Le problème est que l’UNCAM ne nous a pas donné ses sources. M. Fatôme et Mme Cazeneuve m’avaient pourtant promis de me les fournir, mais ce « détail » leur est manifestement sorti de l’esprit.

Je suis donc allé chercher des sources indépendantes (donc ni l’UNCAM, ni la CARMF, ni les AGA).
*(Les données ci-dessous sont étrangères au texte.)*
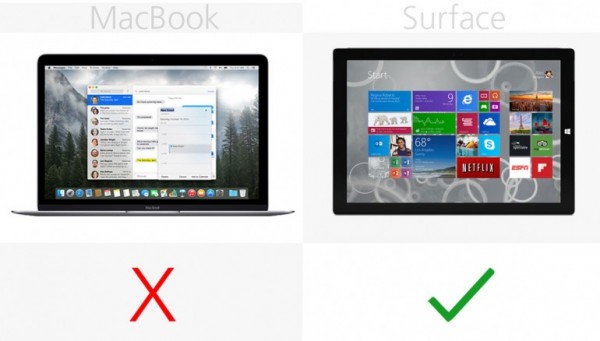 苹果对战微软 MacBook vs Surface Pro 3规格价格对比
Et là surprise, la DREES (Direction de la recherche, des études, de l’évaluation et des statistiques, qui dépend de l’INSEE) ne nous dit pas du tout la même chose dans son rapport sur les dépenses de santé 2021 !

Page 40 on y trouve ce tableau très intéressant :

On y voit en particulier que les honoraires totaux des généralistes n’ont progressé que de 3,5 % entre 2016 et 2021 (14% sur le graphique de l’UNCAM), que les honoraires proprement dits ont même diminué de 9,5 % depuis 2016 et que le maintien n’est assuré que parce que les forfaits ont été multipliés par 3,4 depuis 2016 et par 6,3 depuis 2011 !!

D’autant qu’on peut aussi penser que l’embellie de 2021 était due en grande partie aux actes dérogatoires (vaccinations, C2, puis C1,7 pour les tests antigéniques, majoration MIS pour les prises en charges COVID, cotation C1,74 …) et à la baisse des cotisations CARMF et URSSAF en raison du très mauvais résultat 2020.

Et si les spécialistes s’en sortent mieux, c’est uniquement parce que plus de la moitié d’entre eux est en secteur II et peut donc augmenter ses honoraires.

On peut d’ailleurs voir là un des effets pervers de la non-communication des documents de négociation par l’UNCAM avant les séances, puisqu’on ne peut pas préparer efficacement les réunions. En plus du fait d’être une insulte quant à l’intégrité des négociateurs accusés de faire fuiter les documents AVANT les séances, cette attitude nous maintient dans un état d’infériorité, donc de dépendance, et ne nous permet pas de négocier à égalité avec l’UNCAM.

Car les médecins continuent à travailler beaucoup (plus que les cadres au forfait), et voient plus de patients.

 

Il est donc urgent de prendre en compte tous ces éléments pour reprendre les négociations. De vraies négociations menées dans un climat de respect mutuel, et prenant en compte les aspirations de la profession.

Profession qui dans son ensemble est en manque de reconnaissance de son investissement et de son épuisement. 

Nous demandons solennellement à M. Aurélien Rousseau, nouveau Ministre de la Santé, de tendre la main aux libéraux pour remettre en route le processus conventionnel et sommes toujours prêts à faire part de nos propositions.